Nunavut wildlife board considers increase to Foxe Basin polar bear quota
Request for increase comes after hunters in Igloolik and Hall Beach went over their 2012-13 quota
The Qikiqtaaluk Wildlife Board wants to see the quota for the polar bear hunt in the Foxe Basin increased for 2014. (PHOTO BY JANE GEORGE)
The Nunavut Wildlife Management Board plans to make a recommendation to the Nunavut government in December on a proposed increase to the annual polar bear quota in the Foxe Basin management area.
Its recommendation will be based on hearings and meetings held in Iqaluit, Sept. 10 to Sept. 12 at the request of the Qikiqtaaluk Wildlife Board to increase the quota for the entire Foxe Basin zone.

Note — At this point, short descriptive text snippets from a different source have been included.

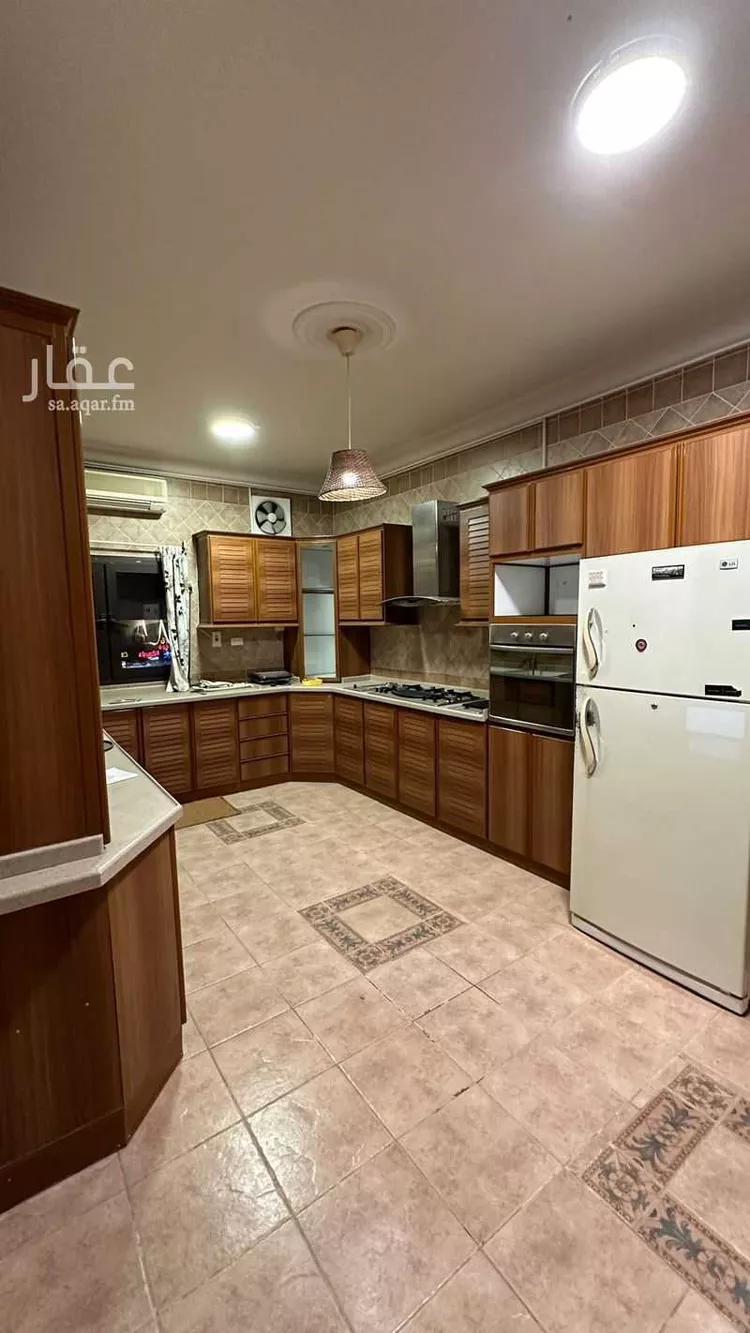 شقة للإيجار في شارع ابو الحسن البصري, حي الروضة, مدينة جدة, منطقة مكة المكرمة صورة 3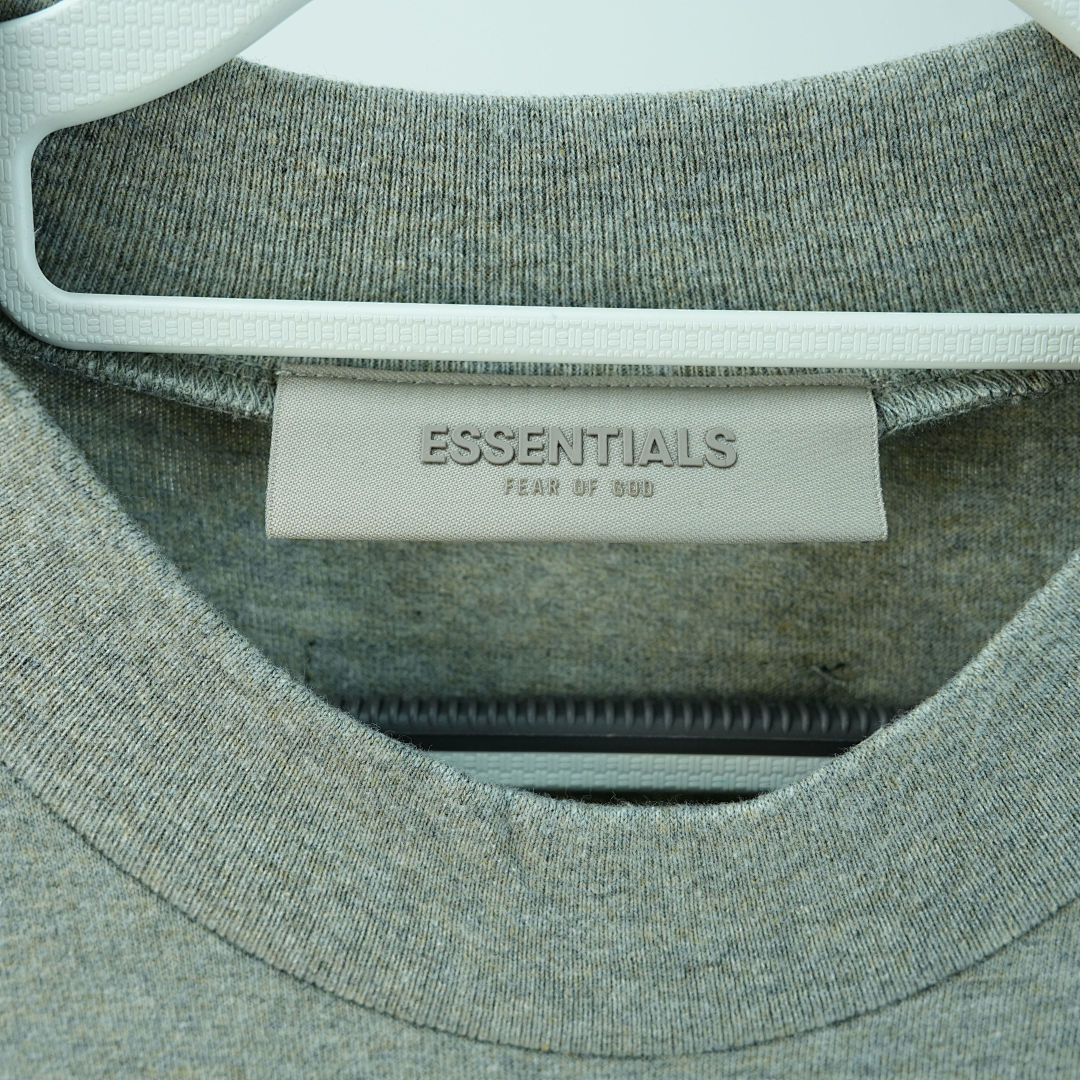 Other 22SS ESSENTAILS T-SHIRT - Image 61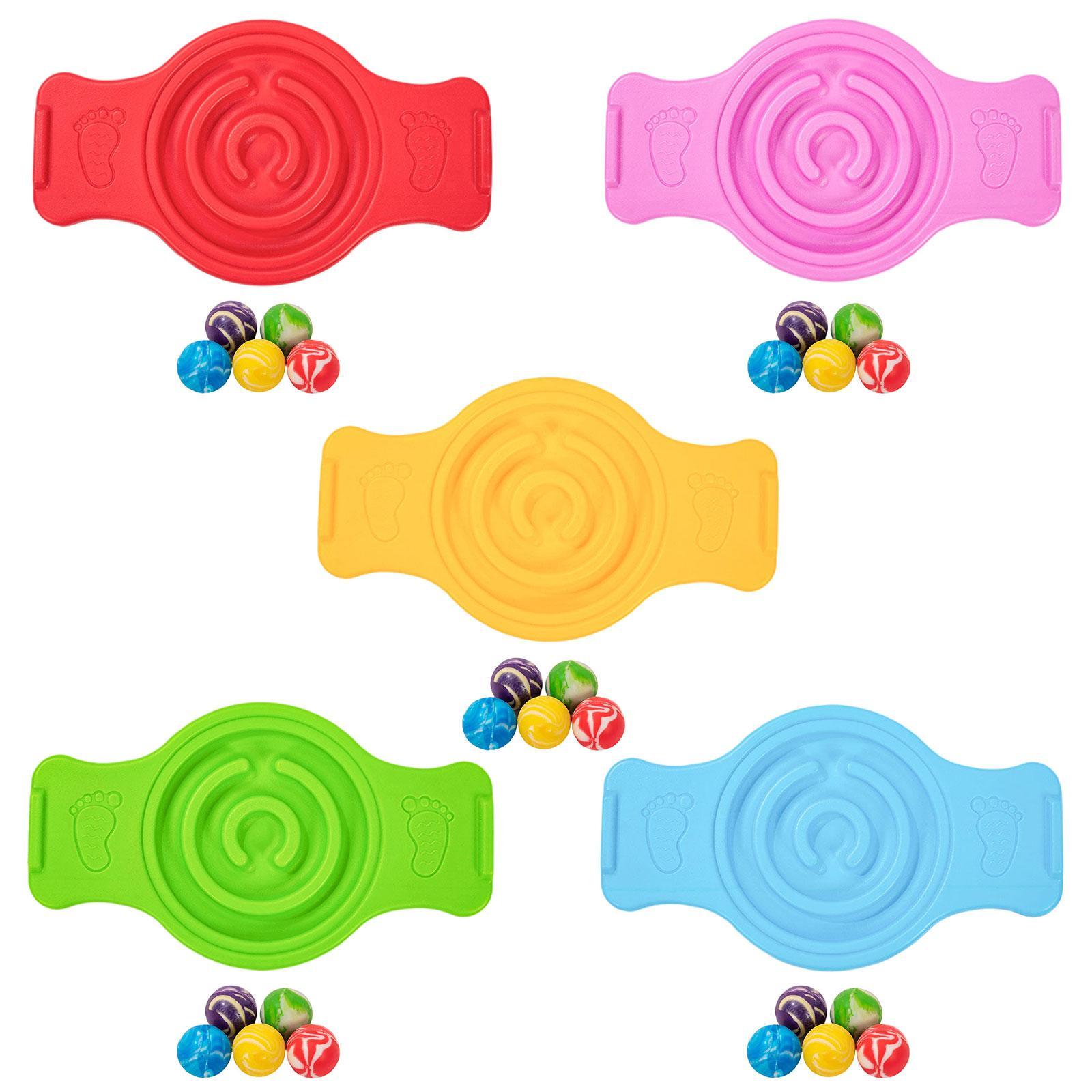 Tabla de equilibrio para entre - Wobble Board Balance reseña y precio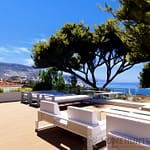 2 Bedroom Villa/House in Roquebrune Cap Martin 19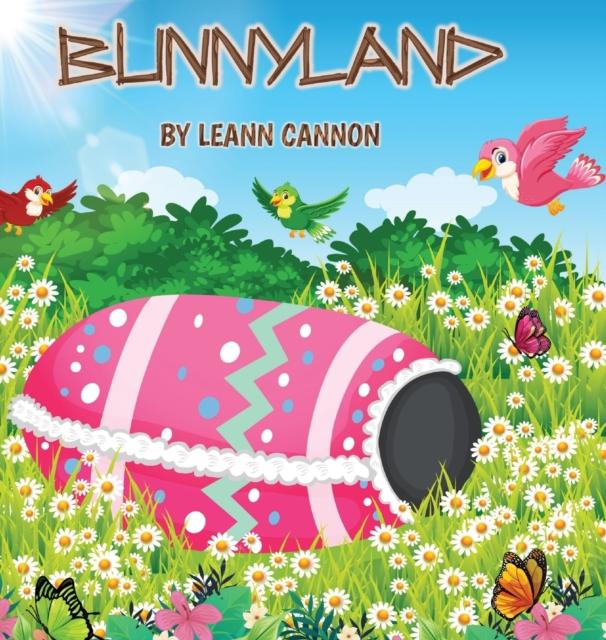 The Bunnyland Book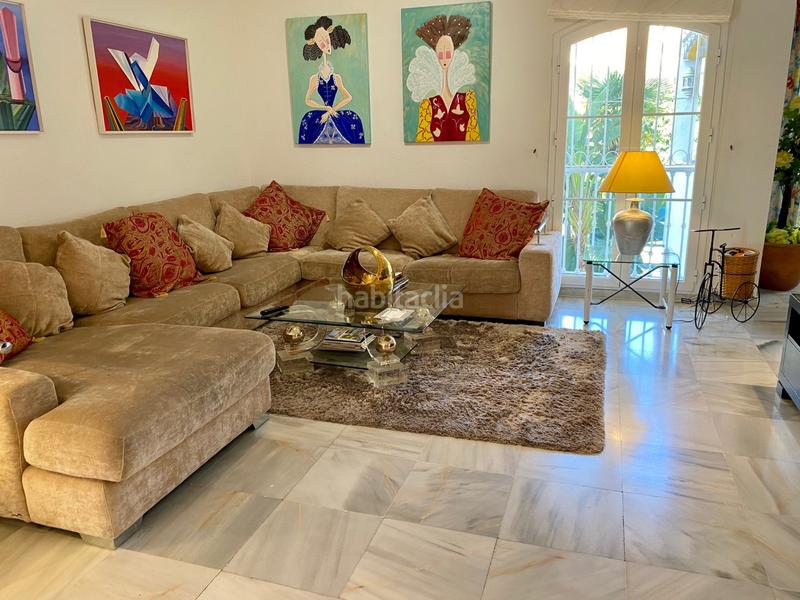 Foto c8403ab1-b25d-4c1d-b00c-b7ed45adb7e9. Alquiler apartamento en piedramar-arroyo piedras 1 apartamento en venta en nageles, en Marbella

That would allow the communities of Igloolik and Hall Beach, which both exceeded their 2012-2013 quotas by killing nuisance polar bears, to continue their annual polar bear hunt — and protect the communities.
The yearly polar bear quota for the Foxe Basin, which covers about 1.1 million square kilometres and includes seven communities in Nunavut and four in Quebec, now stands at 106.
But, without an increase in the quota, the communities of Hall Beach and Igloolik face a three-year moratorium on polar bear hunting.
That stop to the hunt came after hunters in the two communities killed more polar bears than their quota allowed for in 2012-2013.
These kills were due to a high number of nuisance bears that had to be killed for the safety of the communities.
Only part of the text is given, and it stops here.